- [EXTRACTED ENTRIES]
━━━━━━━━

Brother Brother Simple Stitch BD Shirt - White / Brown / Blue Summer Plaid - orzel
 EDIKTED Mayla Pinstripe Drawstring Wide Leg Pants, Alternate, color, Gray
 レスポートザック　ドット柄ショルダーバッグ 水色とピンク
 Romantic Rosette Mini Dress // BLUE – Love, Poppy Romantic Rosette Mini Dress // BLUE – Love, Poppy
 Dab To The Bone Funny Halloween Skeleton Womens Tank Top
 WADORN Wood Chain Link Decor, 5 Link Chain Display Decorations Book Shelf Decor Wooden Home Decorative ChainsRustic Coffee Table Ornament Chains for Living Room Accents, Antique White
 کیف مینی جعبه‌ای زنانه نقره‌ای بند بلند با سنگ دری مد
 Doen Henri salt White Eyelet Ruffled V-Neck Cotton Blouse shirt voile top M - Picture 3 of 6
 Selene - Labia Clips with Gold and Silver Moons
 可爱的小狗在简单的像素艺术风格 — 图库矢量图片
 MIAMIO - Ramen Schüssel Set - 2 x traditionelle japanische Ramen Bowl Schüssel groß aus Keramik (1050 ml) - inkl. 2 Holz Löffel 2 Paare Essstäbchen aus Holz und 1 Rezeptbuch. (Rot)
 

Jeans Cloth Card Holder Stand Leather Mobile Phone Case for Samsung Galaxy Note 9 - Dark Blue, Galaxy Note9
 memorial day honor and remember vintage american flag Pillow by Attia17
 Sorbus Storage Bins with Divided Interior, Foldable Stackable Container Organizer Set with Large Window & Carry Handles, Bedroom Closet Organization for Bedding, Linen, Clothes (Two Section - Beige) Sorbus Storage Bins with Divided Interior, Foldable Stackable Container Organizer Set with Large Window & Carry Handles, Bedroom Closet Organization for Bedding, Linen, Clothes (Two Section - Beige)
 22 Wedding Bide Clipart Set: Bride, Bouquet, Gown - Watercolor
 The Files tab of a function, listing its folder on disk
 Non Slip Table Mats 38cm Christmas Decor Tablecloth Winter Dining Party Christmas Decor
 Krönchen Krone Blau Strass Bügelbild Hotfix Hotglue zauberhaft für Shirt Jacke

━━━━━━━━

- [WORK REQUIRED] Among the records above, repeat exactly the line with "Jeans Cloth Card", the line with "memorial day honor", and every line in between, and only those.

- [YOUR RESPONSE]
Jeans Cloth Card Holder Stand Leather Mobile Phone Case for Samsung Galaxy Note 9 - Dark Blue, Galaxy Note9
 memorial day honor and remember vintage american flag Pillow by Attia17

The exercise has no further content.